To see a synopsis of all possible options, run:
$ ./cuda30 -s
SYNOPSIS
cuda30 [-b blocks] [-d device] [-h hexheader] [-k rounds [-c count]] [-m trims] [-n nonce] [-r range] [-U blocks] [-u threads] [-V threads] [-v threads] [-T threads] [-t threads] [-X threads] [-x threads] [-Y threads] [-y threads] [-Z threads] [-z threads]
DEFAULTS
cuda30 -b 128 -d 0 -h "" -k 0 -c 1 -m 256 -n 0 -r 1 -U 128 -u 8 -V 32 -v 128 -T 32 -t 128 -X 32 -x 64 -Y 32 -y 128 -Z 32 -z 8
Most of these are for shaping the GPU's thread parallellism in the various edge generation and trimming rounds. A detailed discussion of these can be found in this tuning guide
Here's a run that uncovers a solution:
$ ./cuda30 -n 60 -r 4
GeForce GTX 1080 Ti with 10GB @ 352 bits x 5505MHz
Looking for 42-cycle on cuckoo30("",60-63) with 50% edges, 128*128 buckets, 256 trims, and 128 thread blocks.
Using 2680MB bucket memory and 21MB memory per thread block (5392MB total)

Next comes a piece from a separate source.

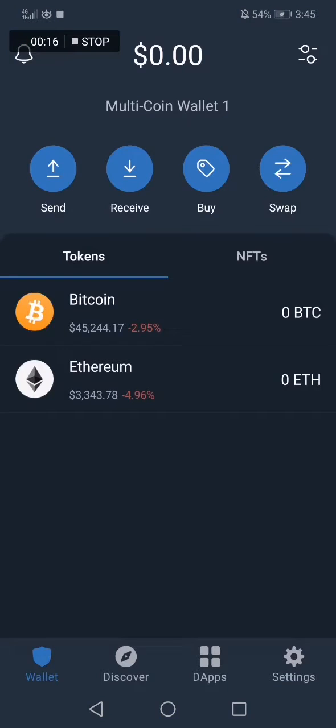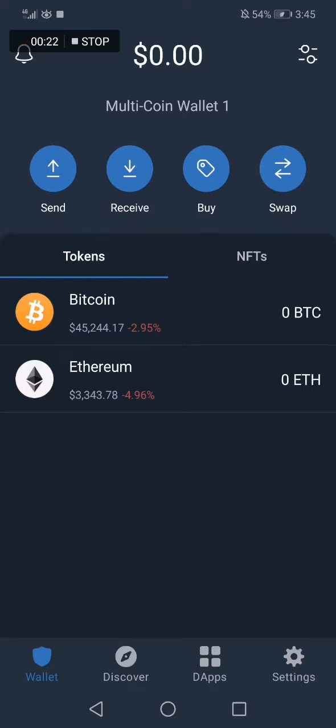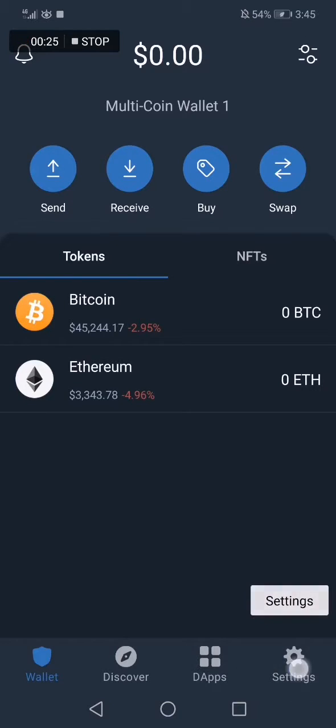As you can see, this is the home page. Now if you want to scan a QR code, you need to go to Settings.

nonce 60 k0 k1 k2 k3 275f9313c78adcec c3dc47d972920e25 41f8c5d51abbf1e7 74da5cc5b52b2a0b
6-cycle found
12-cycle found
2-cycle found
16-cycle found
26-cycle found
8-cycle found
findcycles completed on 39931 edges
Time: 2194 ms
nonce 61 k0 k1 k2 k3 4178123b6607deb3 596e493a0fe04022 685fbcfc1d315fe 7cf66796fc0083c1
4-cycle found
32-cycle found
56-cycle found
314-cycle found
302-cycle found
findcycles completed on 38585 edges
Time: 967 ms
nonce 62 k0 k1 k2 k3 544f44b2b17afc97 4ba38ecebc2fa72c 21e2c32bba7f6196 4d8886ccba77435b
findcycles completed on 37915 edges
Time: 969 ms
nonce 63 k0 k1 k2 k3 7d4f06d5f68dc772 331017080ac63322 e62926ee68af70ed cf2efe7e2f4dbc16
42-cycle found
84-cycle found
192-cycle found
320-cycle found
findcycles completed on 36530 edges
Time: 1084 ms
Solution 23ece 27e0856 2ad8c27 2cbb0b5 3694cdd 477a095 64de6fc 64e1c92 68e624d 6aa4c6f 6b1d0c2 76f07d2 c273122 c2e38ed c655cde c97ba17 e708130 ec8890d ecb9932 f28d66d f577aff 104d8441 116de91f 116e61cb 1178ea28 11840f8a 11ce10b0 12792630 12ae2388 140ae893 1439b9fd 146a3047 1538d93c 176cb068 17e01c9b 1876ee0a 1c871774 1d37d976 1d6fa785 1d9c1669 1d9d015e 1db85f7e
Verified with cyclehash b06d3a638f4237c1d5d96fe57e549a83b76421522fb09af24d3520fb91f364f7
1 total solutions
We can see that recovering the 42-cycle takes some extra time, since the solver doesn't keep track of what edge index generates what edge endpoint, so it needs to regenerate all of them.
One may wonder:
No, I don't believe that for a second! I think my solver is suboptimal for several reasons, including:
- Uses memcpy() to perform unaligned reads/writes of 40-bit and 48-bit numbers
- Uses only a fraction of the available memory bandwidth
- Ignorant of warp boundaries
- Makes no use of PTX assembly
- Written by a GPU coding amateur
So I suspect there's room for at least a doubling of performance, and perhaps even a quadrupling (I don't expect to see more than single digit performances though). To that end I offer the GPU speedup bounty on the Cuckoo Cycle homepage
Please help me find the remaning possible optimizations and perhaps help yourself to some Bitcoin Cash in the process!